_TASK INSTRUCTIONS_
A word-for-word copy of the listing, free of images, is the expected answer.

[Start of section]

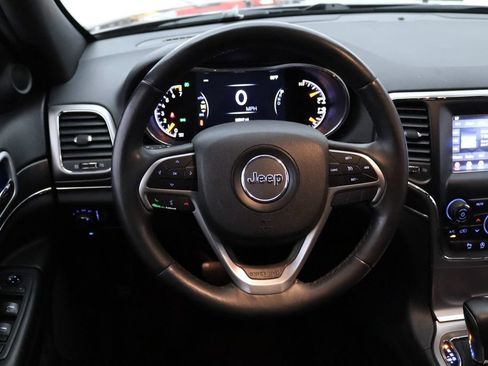 Used 2018 Jeep Grand Cherokee Limited AWD/4WD image 13
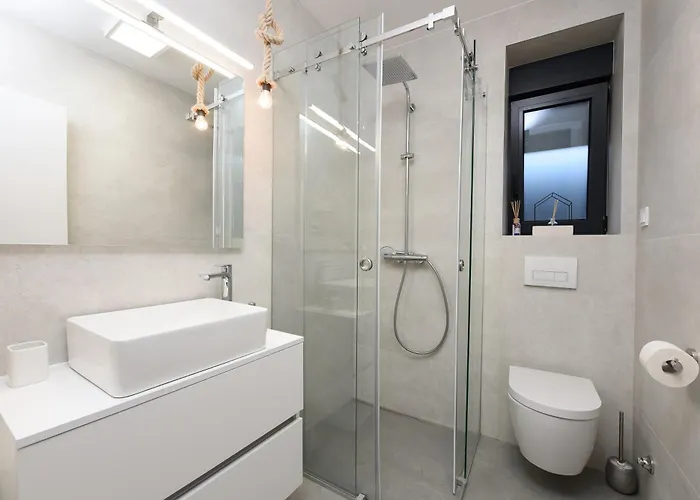 Fux Luxury Infinty-pool Apartman *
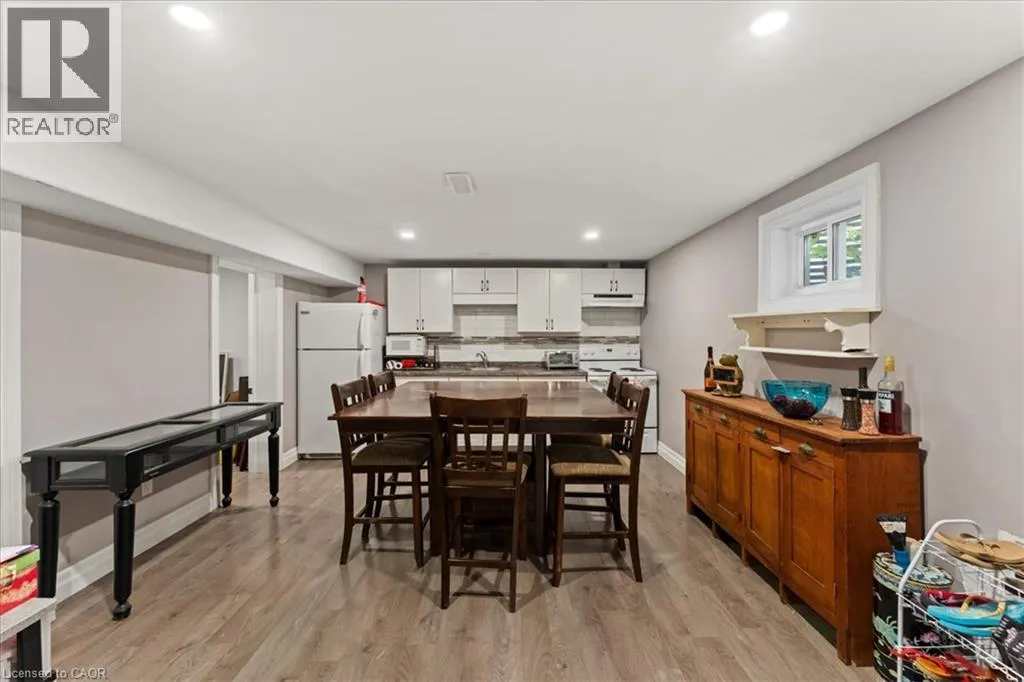 154 PARIS Road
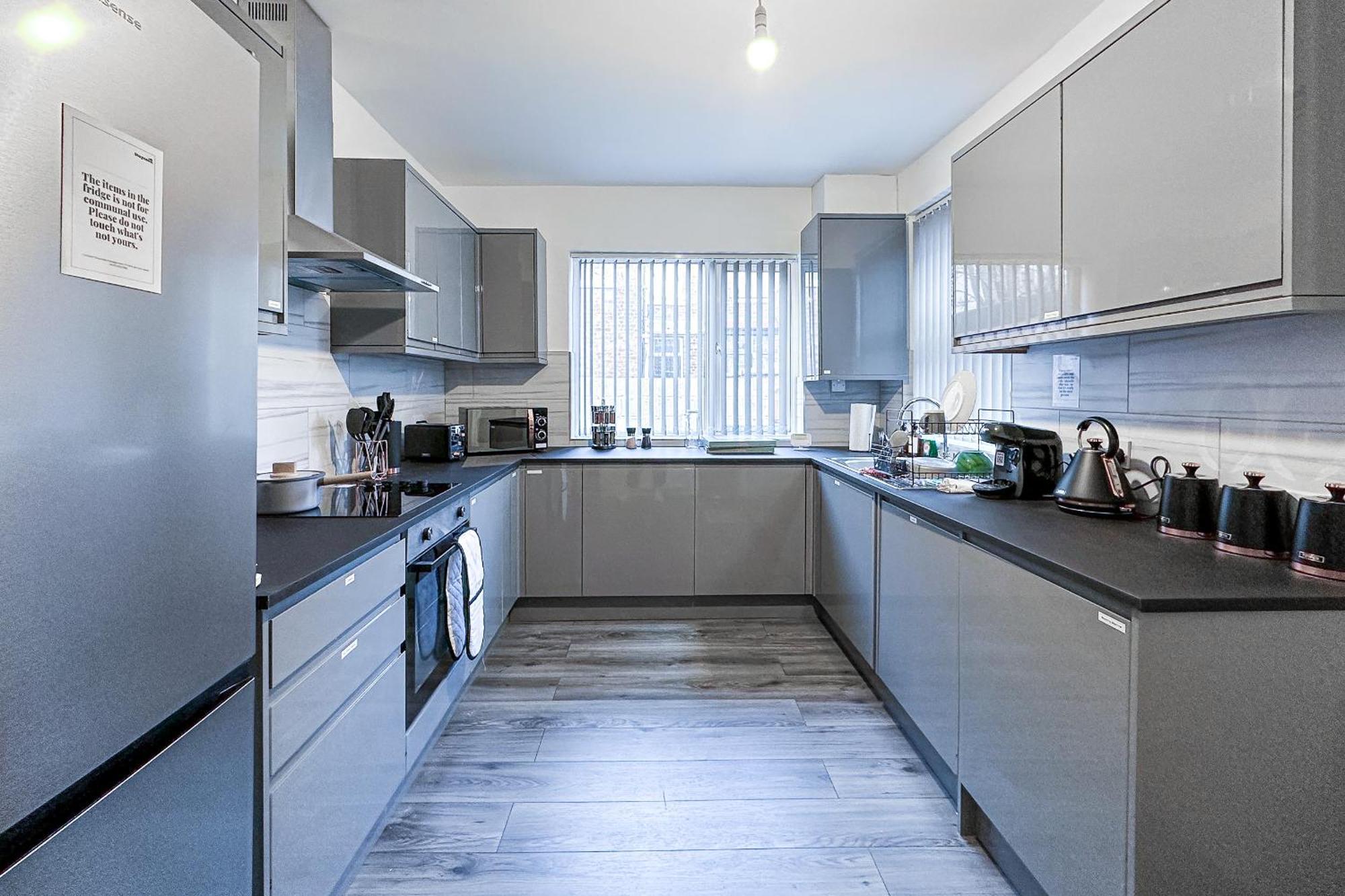 Ashfield Co-Living - Private Room Self-Cater Манчестер Екстер'єр фото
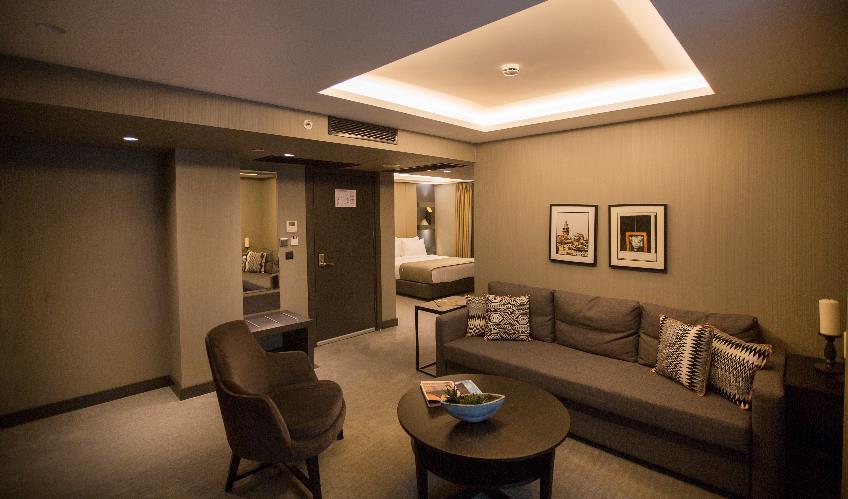 En fazla 3 yetişkin.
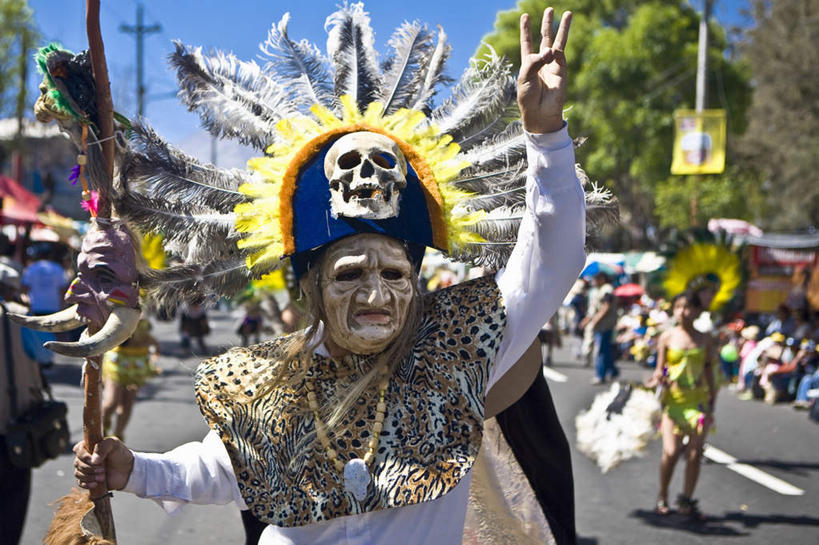 西方人,站,举,横图,室外,白天,正面,度假,美景,城市风光,城市,道路,路,公路,帽子,羽毛,欧洲,秘鲁,欧洲人,行人,游客,游人,握,阴影,朦胧,模糊,轻盈,柔软,电力,光线,电线,电线杆,棍子,面具,线,影子,景观,分界线,电能,停车线,交通,许多人,线路,注视,娱乐,路人,旅客,蓝色,蓝天,天空,阳光,天,观察,看,托,站着,一群人,享受,休闲,景色,南美,放松,握着,晴朗,观看,电,车行道,车行道分界线,电源,察看,南美洲,拉丁美洲,关注,标线,美洲,能量,车行线,万里无云,秘鲁共和国,阿雷基帕,轻柔,亚美利加洲,南亚美利加洲,玉米之仓,阿雷基帕省,过客,男人,男性,女人,女性,中年男性,中年女性,白种人,晴空,晴空万里,马路,举起,举手,举着,向上举,向上伸,向上托,站立,半身,彩图,海盗帽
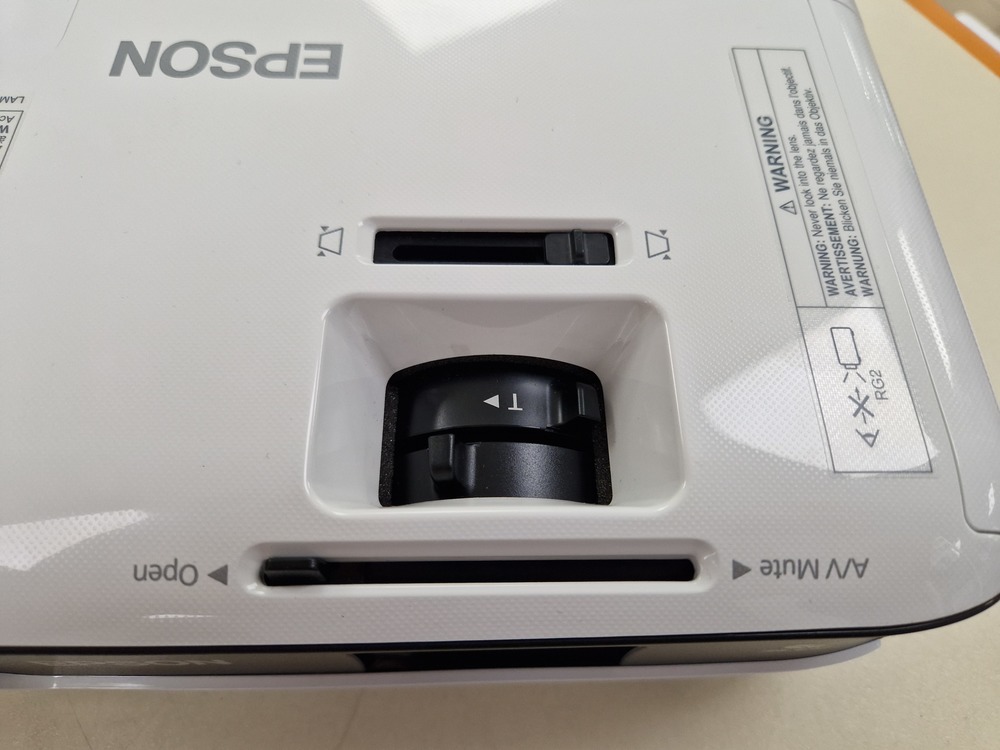 Проэктор Epson EB-W51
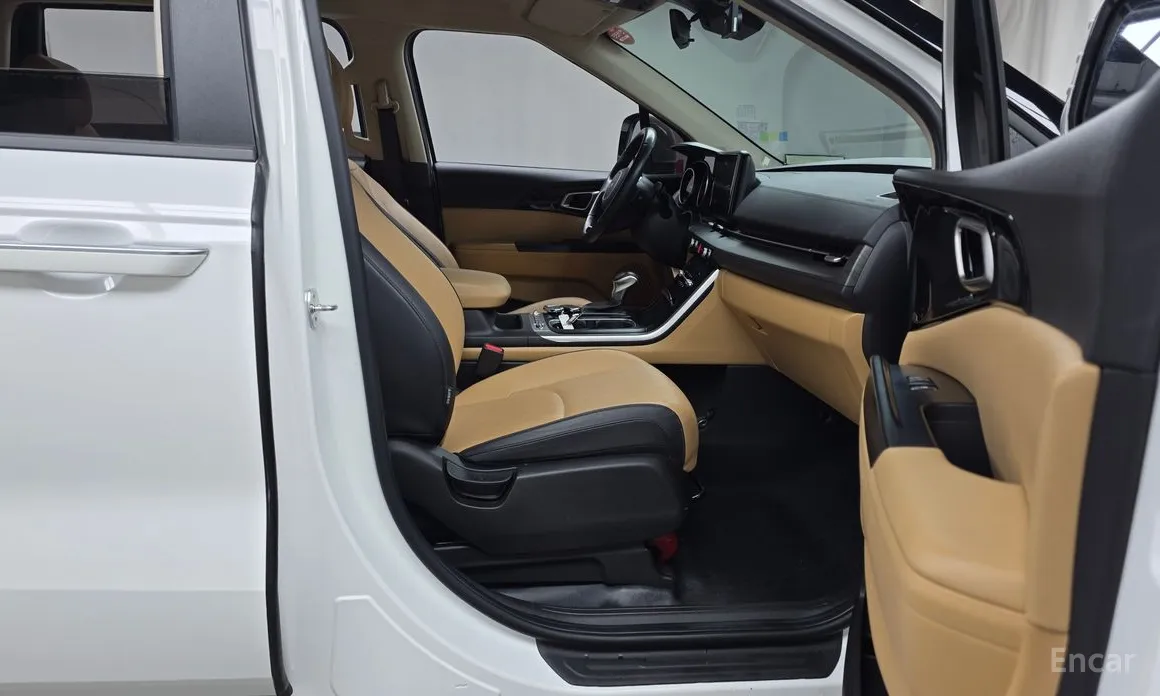 Фото 11 - Kia Carnival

[End of section]

_YOUR RESPONSE_
 Used 2018 Jeep Grand Cherokee Limited AWD/4WD image 13
 Fux Luxury Infinty-pool Apartman *
 154 PARIS Road
 Ashfield Co-Living - Private Room Self-Cater Манчестер Екстер'єр фото
 En fazla 3 yetişkin.
 西方人,站,举,横图,室外,白天,正面,度假,美景,城市风光,城市,道路,路,公路,帽子,羽毛,欧洲,秘鲁,欧洲人,行人,游客,游人,握,阴影,朦胧,模糊,轻盈,柔软,电力,光线,电线,电线杆,棍子,面具,线,影子,景观,分界线,电能,停车线,交通,许多人,线路,注视,娱乐,路人,旅客,蓝色,蓝天,天空,阳光,天,观察,看,托,站着,一群人,享受,休闲,景色,南美,放松,握着,晴朗,观看,电,车行道,车行道分界线,电源,察看,南美洲,拉丁美洲,关注,标线,美洲,能量,车行线,万里无云,秘鲁共和国,阿雷基帕,轻柔,亚美利加洲,南亚美利加洲,玉米之仓,阿雷基帕省,过客,男人,男性,女人,女性,中年男性,中年女性,白种人,晴空,晴空万里,马路,举起,举手,举着,向上举,向上伸,向上托,站立,半身,彩图,海盗帽
 Проэктор Epson EB-W51
 Фото 11 - Kia Carnival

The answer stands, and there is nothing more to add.